Eppure, non rappresentando davvero quel mondo, la fotografie di Ghitta Carell restano la testimonianza straordinaria di un’epoca: di quello che il Potere di allora avrebbe voluto essere e non riusci neppure a sembrare. Nelle 50 mila lastre che appartengono adesso al Centro Informazioni Ferrania 3M, c’è la classe e l’intelligenza che mancò alla realtà: i broccati, le volpi, i rasi, le scollature i cappellini delle dame, i capelli ondulati, la carnagione trasparente, gli sguardi innocenti delle grandi eredi, la grazia regale, i profili alteri di bambini aristocratici, il disegno perfetto dei cani di razza. Dei ritratti maschili, i suoi più riusciti, sono quelli degli uomini non in divisa ma in borghese, simili a certi divi dei film francesi dell’epoca, romantici e struggenti: il principe Mario Colonna abbronzato nella bianca camicia aperta. Marcello Piacentini in soprabito inglese e cappello. Persino Ciano e Mussolini sono ritratti, inconsuetamente, in doppiopetto bianco, pensosi e non baldanzosi.

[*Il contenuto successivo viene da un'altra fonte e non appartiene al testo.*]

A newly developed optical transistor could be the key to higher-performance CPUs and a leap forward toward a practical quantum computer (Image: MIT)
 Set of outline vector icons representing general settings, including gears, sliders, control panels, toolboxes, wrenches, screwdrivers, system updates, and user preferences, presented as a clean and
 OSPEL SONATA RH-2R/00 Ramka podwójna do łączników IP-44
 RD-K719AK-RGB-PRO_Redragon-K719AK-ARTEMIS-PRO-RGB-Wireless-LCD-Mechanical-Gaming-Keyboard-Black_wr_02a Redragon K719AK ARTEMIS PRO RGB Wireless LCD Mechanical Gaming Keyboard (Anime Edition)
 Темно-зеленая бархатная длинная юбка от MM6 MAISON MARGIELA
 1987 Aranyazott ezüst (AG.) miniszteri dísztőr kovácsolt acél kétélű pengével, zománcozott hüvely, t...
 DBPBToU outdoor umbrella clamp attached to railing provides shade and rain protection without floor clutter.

Estranea ad ogni mitizzazione dell’estetica fascista, Ghitta Carell ha mitizzato solo la raffinatezza: è per questo che le sue fotografie restano, di quegli anni, l’unico vagheggiamento. Possibile e consentito.

La mostra rivisita la sua parabola artistica

Fu una star indiscussa ma occultò il suo essere ebrea

Ghitta Carell fu per oltre 30 anni il personaggio della fotografia più celebre d’Italia. La sua fama oscurò tutti gli altri. Nelle case degli italiani, la presenza di un ritratto eseguito da lei era uno status-symbol. Chiunque avesse potuto permetterselo, non vi rinunciava». Così spiega Diego Mormorio, curatore della mostra “Ghitta Carell e il potere del ritratto”. E di fatto, il suo nome entrò di diritto nello smart set dell’epoca. Ghitta Carell o del ritratto: l’unica, insostituibile in quegli anni, a Roma. Entrata nelle simpatie della nobiltà che affollava la sua anticamera, venne un giorno adottata dal regime (a Monaco e poi a Berlino la giovane Leni Riefenstahl, passata poi al cinema, aveva ricevuto to stesso crisma dai nazisti). Sembra dunque fondata l’opinione che il successo di Ghitta Carell provenga, oltre che dal nome straniero, principalmente dall’aver lavorato a Roma. Quella borghesia non cercava di meglio di quel gusto morbido e distinto in cui idealizzarsi. Padrona del mezzo tecnico, volle volontariamente piegarlo al gusto facile di altezzosi committenti che forse detestava, sapendoli indifferenti al più e al meglio che lei avrebbe saputo e potuto fornire. Durante le Leggi razziali, le fu intimato di defilarsi, di sparire. che nessuno l’avrebbe cercata. Oltre 150 fotografie in mostra a Roma, alla Fondazione Pastificio Cerere (via degli Ausoni 7, fino al 17 maggio, 0645422960), restituiscono la storia di un’epoca attraverso i protagonisti di allora, dagli anni Trenta agli anni Cinquanta. Voluta fortemente da Elsa Peretti, presidentre della Fondazione, la mostra riconsidera la figura della fotografa ungherese all’interno della vitalità della fotografia italiana e del tessuto culturale di allora, amica di scrittori, crirtici d’arte e scultori, da Bernard Berenson a Marino Marini. Personaggio controverso, volutamente dimenticato nel Dopoguerra, l’ipoteca fascista gravò a lungo sulla sua arte e non gli fu mai perdonata quella stagione compiacente, al di là della sua grandezza di ritrattista. Divenne cittadina italiana nel 1959. Emigrò in seguito in Israele e muore a Haifa nel 1972.